From: Asmus Freytag (asmusf@ix.netcom.com)
Date: Thu Jul 01 2010 - 16:49:07 CDT
On 7/1/2010 11:29 AM, John Burger wrote:
> Andreas Prilop wrote:
>
>>> The problem with slavishly following the charset parameter is
>>> that it is often incorrect.
>>
>> I wonder how you could draw such a conclusion. In order to make
>> such a statement, there must be some other (god-given?) parameter,
>> which is the "real charset".
>
>
> If you have never encountered a web page in which the charset
> parameter encoded in the page (or in the HTTP headers) did not
> accurately reflect the "real charset", as indicated by the actual data
> in the page, then your experience differs sharply from mine, and from
> everyone else I have ever met.
>
Let's unravel this.
First, there's qualitative vs. quantitative arguments. Yes, mis-tagging
occurs (for all the reasons Shawn gave in his reply). But Andreas' point
was that for languages needing more than ASCII, there's a nice
corrective. If many (most) viewers now base their display on charset,
then more documents would be expected to be correctly tagged for those
types of text, because they tend to degrade dramatically otherwise and
users (authors) would take action to correct the situation. The example
of this is reading a text as 8859-1 when it is 8859-2 (Eastern European)
This is different from the issue the issue of selecting the correct
charset, if it only affects some special symbols (copyright, punctuation
marks, the euro sign). In these cases, the text degrades in much more
subtle ways, and usually remains readable. I would expect that the
incidence of mis-tagging in such a situation is larger. The example for
this is reading a text as 8859-1 when it was 1252 (Windows code page
with extra characters not in ISO 8859-1 - Shawn mentioned this case as
well).
If I were to design a charset-verifier, I would distinguish between
these two cases. If something came tagged with a region-specific
charset, I would honor that, unless I found strong evidence of the "this
can't be right" nature. In some cases, to collect such evidence would
require significant statistics. The rule here should be "do no harm",
that is, destroying a document by incorrectly changing a true charset
should receive a nuch higher penalty than failing to detect a broken
charset. (That way, you don't penalize people who live by the rules :).

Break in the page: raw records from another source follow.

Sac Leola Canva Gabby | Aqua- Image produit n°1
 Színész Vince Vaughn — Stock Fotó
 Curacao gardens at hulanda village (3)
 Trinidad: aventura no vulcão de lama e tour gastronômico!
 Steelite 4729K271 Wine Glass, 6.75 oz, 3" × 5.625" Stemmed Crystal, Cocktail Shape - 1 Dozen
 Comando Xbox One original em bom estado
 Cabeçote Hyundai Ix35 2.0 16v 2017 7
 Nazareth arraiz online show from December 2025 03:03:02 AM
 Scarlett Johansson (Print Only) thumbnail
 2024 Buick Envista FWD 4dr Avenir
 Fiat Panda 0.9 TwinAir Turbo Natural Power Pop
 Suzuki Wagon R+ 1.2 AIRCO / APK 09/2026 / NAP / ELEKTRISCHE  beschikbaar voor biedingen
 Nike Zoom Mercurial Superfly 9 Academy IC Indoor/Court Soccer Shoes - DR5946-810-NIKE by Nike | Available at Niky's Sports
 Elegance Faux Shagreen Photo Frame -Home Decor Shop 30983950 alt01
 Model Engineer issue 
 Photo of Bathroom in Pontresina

When it comes to a document tagged with 8859-1, I might relax this
slightly, as that tag is one of the common default tags and is more
likely to have been applied blindly.
When it comes to deciding whether something is Windows code page or a
true ISO charset, the bar can be set lower - one is a superset of the
other usually, and detecting any characters in the superset should
trigger a reassignment. Unlike the other case, the "penalties" for
getting this wrong are much less severe.